‘What we do in life echoes in eternity’ – Glory and Consequence in RPGs

The biggest features of The Elder Scrolls V: Skyrim are the vastness and detail of its world, Tamriel. Six months after pirating buying my own copy, I continue to stumble upon rich, self-contained stories on the path less traveledThe appeal in Mass Effect however is in the possibilities always in front of me. On any one day, I can choose to either punch reporters in the face or invite them to my cabin. The game invites me to search out Easter Eggs through conversation, interaction, and exploration.

Yet as with Schrödinger’s Cat, or Robert Frost’s own less traveled path, searching out each possibility voids all others.

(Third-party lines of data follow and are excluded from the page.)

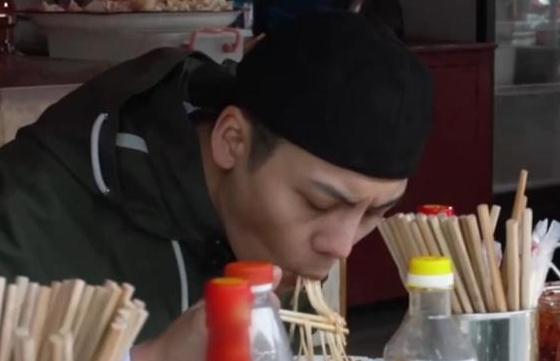 对你不止是喜欢，电视剧免费观看的魅力与体验，电视剧免费观看的魅力与体验，不只是喜欢，更是一场视觉盛宴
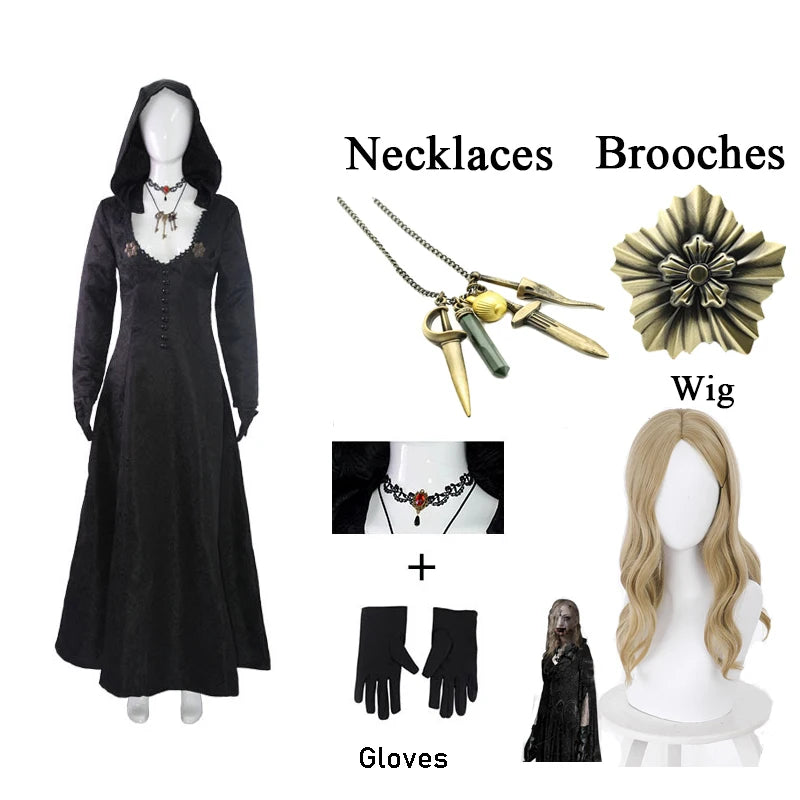 41034712416304|41034712449072|41034712481840|41034712514608|41034712547376|41034712580144|41034712612912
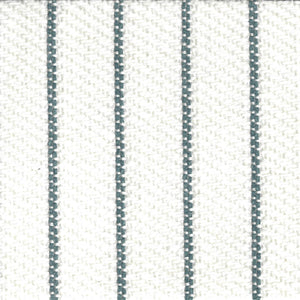 Howell - Sofa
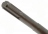 Foret b�ton SDS plus 12x100 mm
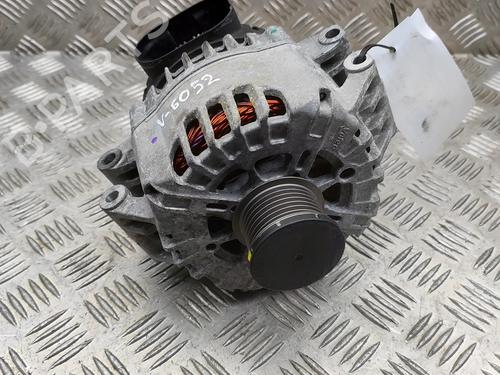 Used Alternator Alternator BMW X6 (G06, F96) M (600 hp) 33395682 33395682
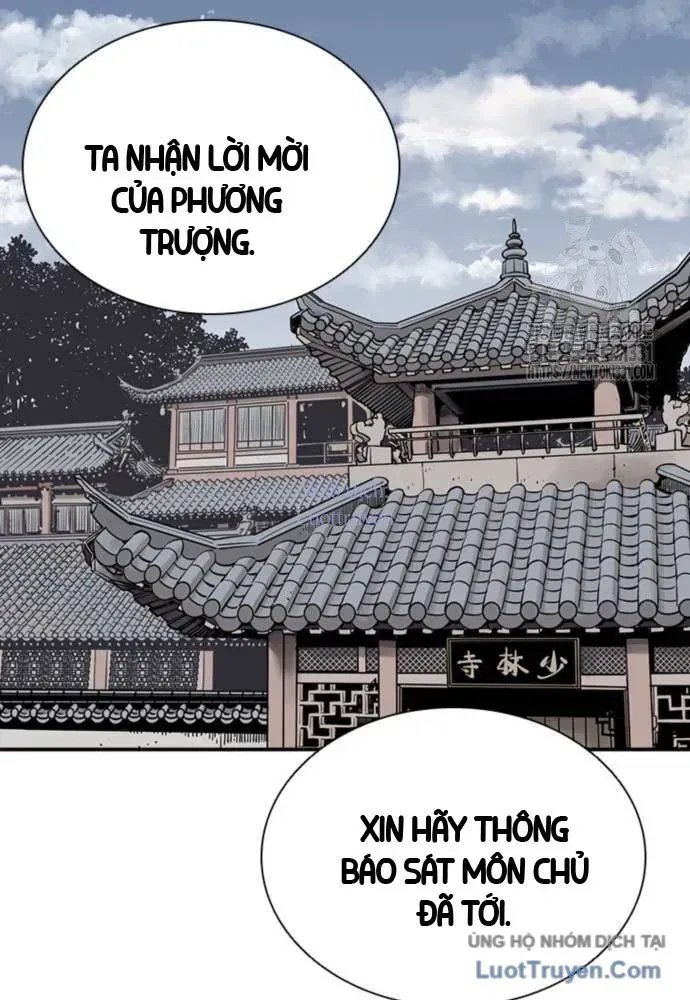 Sát Thủ Tống Lý Thu Chap 62 - Next Chap 63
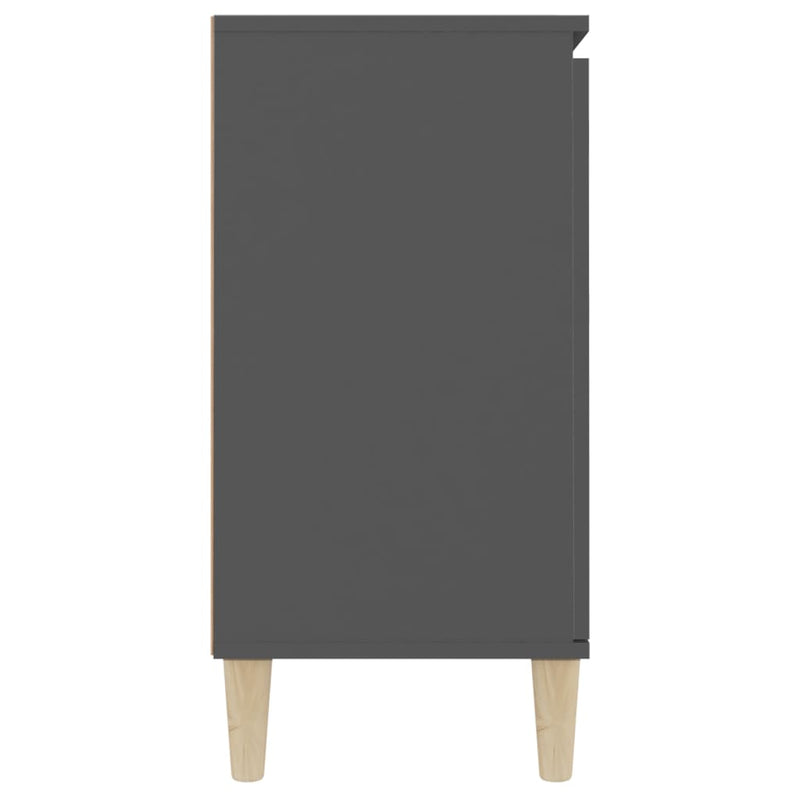 Sideboard_Grey_103.5x35x70_cm_Engineered_Wood_IMAGE_6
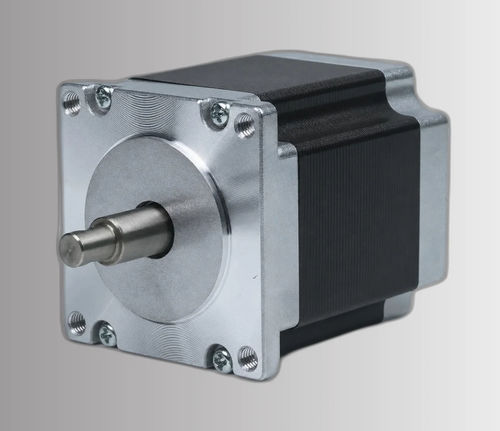 Motore brushless - CW60BLMA79-15L207-00 - NEOTON MOTOR - DC / trifase / BLCD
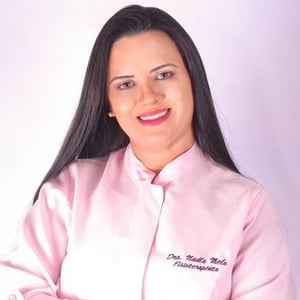 Clinica Nadla Melo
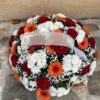 COUSSIN ROND - LUMINEUSE – Image 3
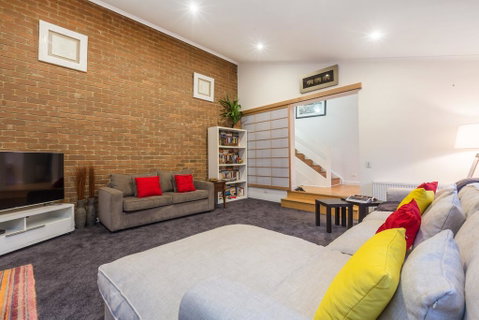 Mt Martha Retreat - Food Delivery Shop 2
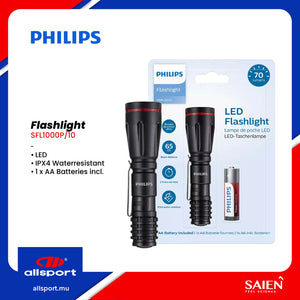 Flashlights Torch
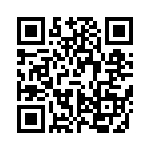 VI-23J-IX-F1 QRCode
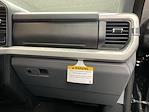 New 2026 Ford F-250 XLT Crew Cab for sale #26F063 - photo 11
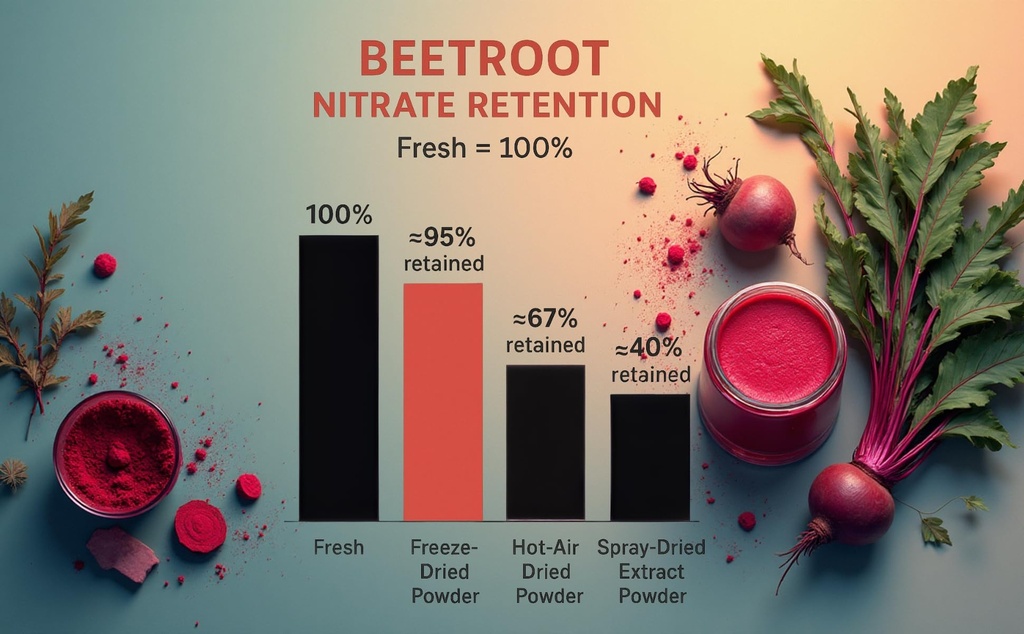 beets-superfoods-blended-powder-juice-ni-4.jpg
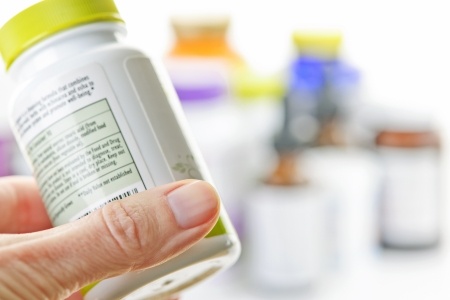 Drug Recalls - Is your medicine safe to use? - Spivey Law Firm, Personal Injury Attorneys, P.A.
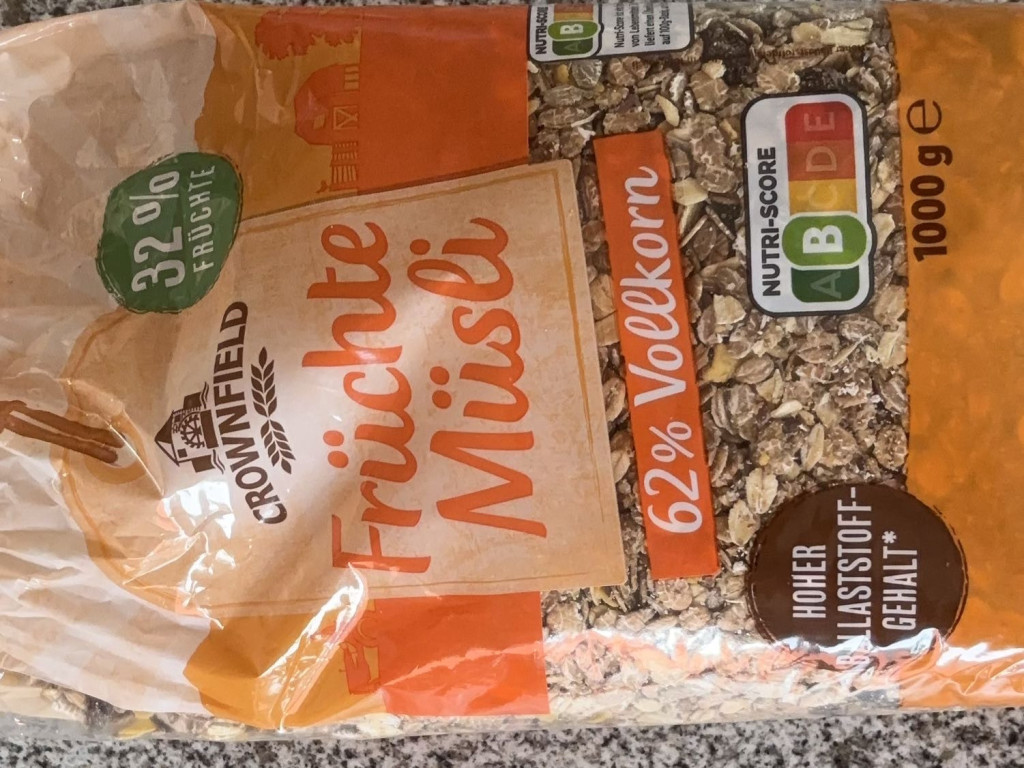 Hochgeladen von: Alex 78kg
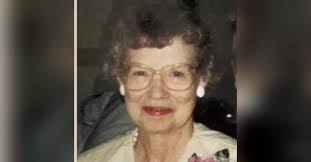 Neva Louise Wombwell Obituary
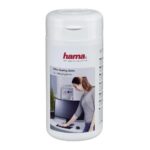 Puhastuslapid Hama OfficeClean (100 tk)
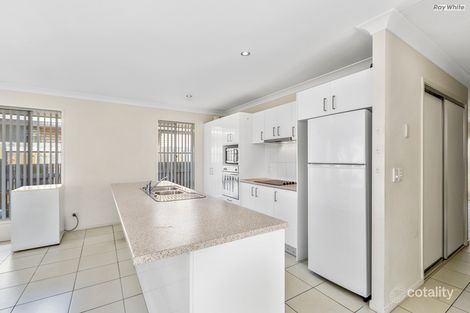 Property photo of 26 Pleasant Drive Redbank Plains QLD 4301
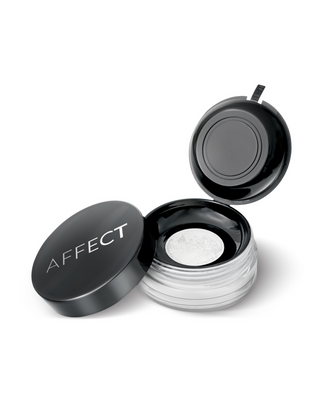 Ideal Blur Mattifying Loose Powder color C-0005 Affect Professional Cosmetics - 2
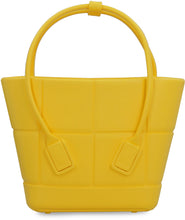 Load image into Gallery viewer, Arco rubber bag

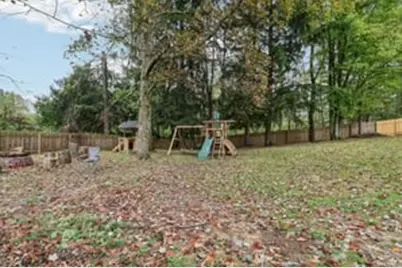 580 Tevebaugh Hollow Road, Economy, PA 15042 - Photo 38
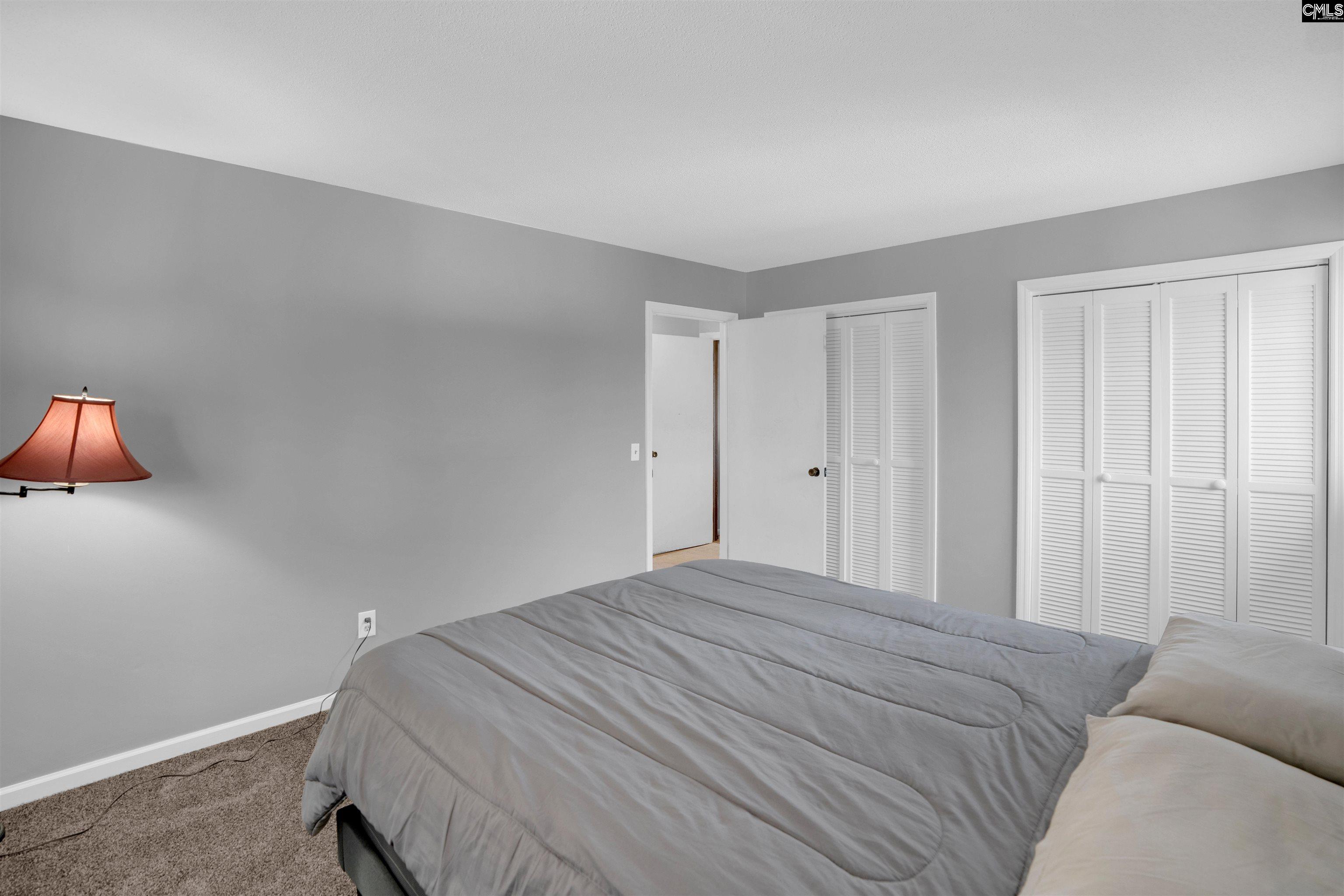 3600 Kennerly Road Irmo, SC 29063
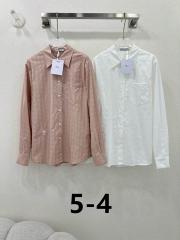 Dior S-XL 109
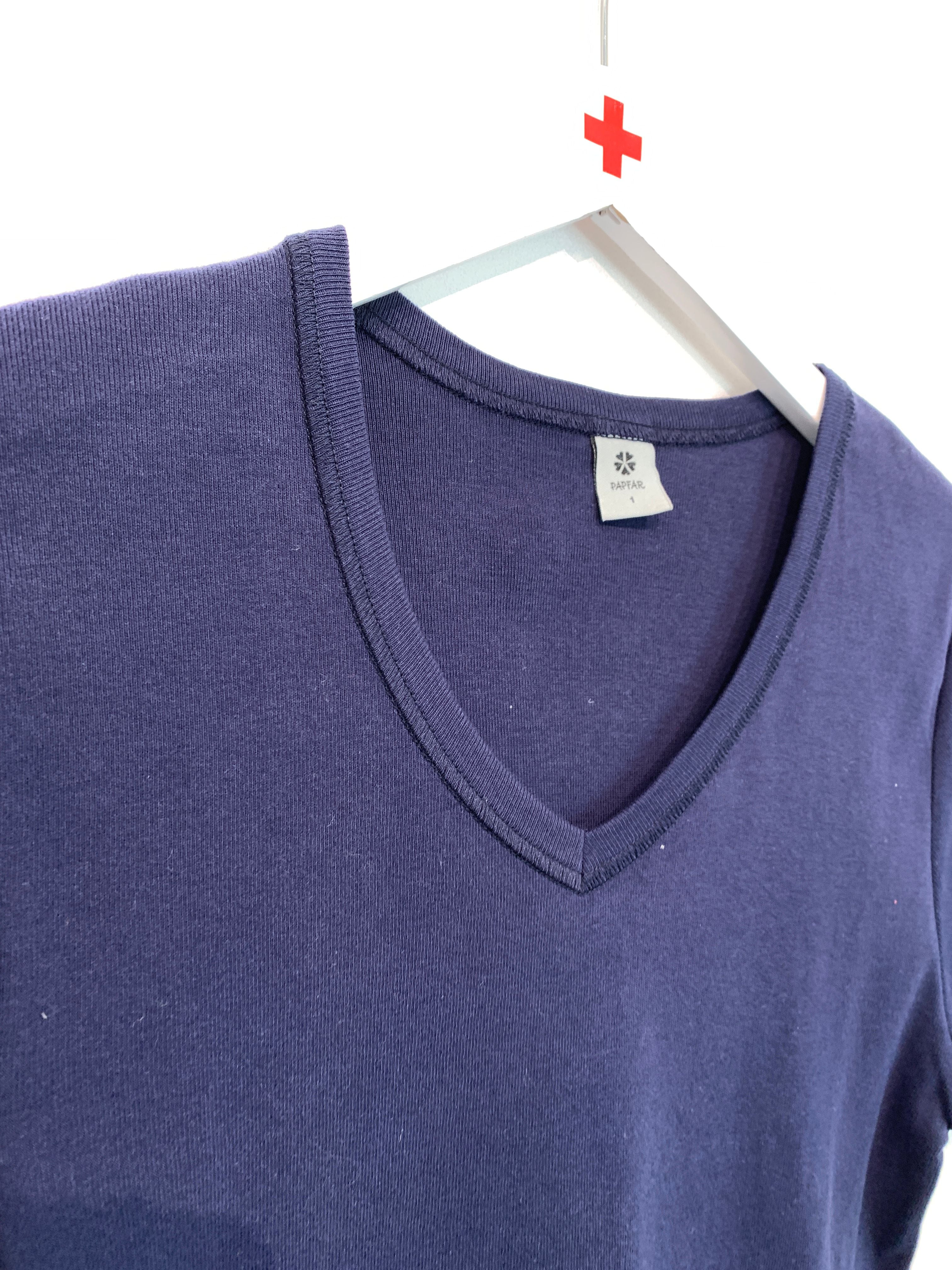 Papfar T-shirt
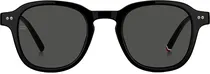 Óculos de Sol Tommy Hilfiger TH 2185/s 807 Ir - Masculino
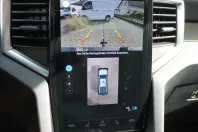 Volkswagen Amarok din 2025 cu 5 km - oferta VOL149106 - foto 13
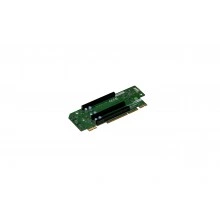 Supermicro RSC-W2-688G4 плата расширения 2U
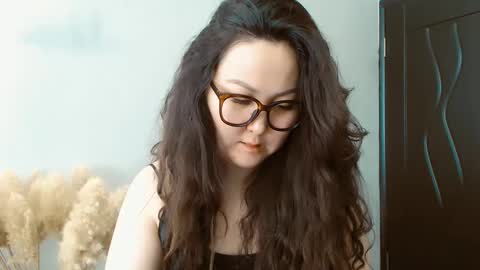 Dali online show from 1, 2, 2025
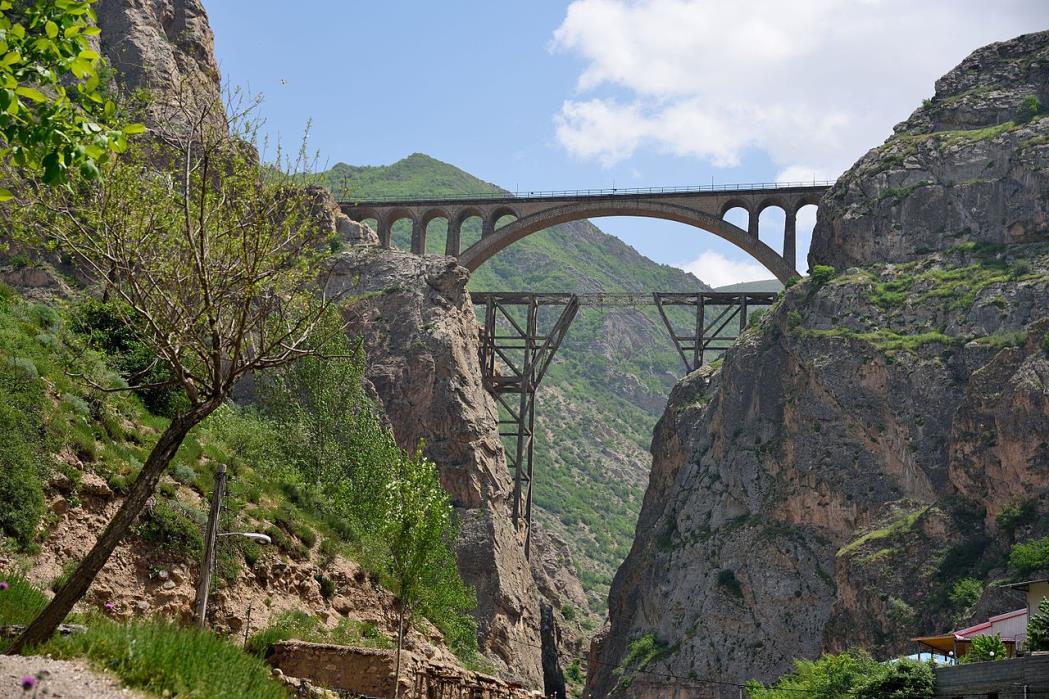 روستاهای سوادكوه ( معرفی ۱۷۵ روستای سوادكوه ) استان مازندران, سوادكوه-Zr0dxuOVYh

To replay Mass Effect is to explore parallel worlds. Having played ‘paragon Shepard’ before embarking on ‘evil Shepard’, I was acutely aware of the variety of choices before me, and the importance of many of those choices. Their consequences echo forwards in time – through Shepard, I subtly shape the world around me. My squad mates, or their absence, remind me in their poignant and affirming ways of when I have either frakked up or done well.

In one scene Tali, intoxicated, describes (like many of the other characters) how the legacy of her parents haunt her. Yet I could easily rant to her about my own haunting, as I endlessly question the choices I made in previous games. Should I have let Ashley or Kaidan die in the first game? What would have happened had I let Morinth kill her mother, Samara, in the second game? If I had have told Kelly Chambers to change her identity in the third game, would she still be alive?

All too often in real life, I find myself feeling like the river of fate is carrying me along with it: while I can shift a bit to the left or to the right of centre, ultimately I am still at the mercy of the flow. Seeing the repercussions of my choices in the controlled environment of an RPG helps me appreciate the power of causation; the choices that I make do matter. They are one out of many – and I do own my life.

As Maximus Meridius remarks, ‘What we do in life echoes in eternity.’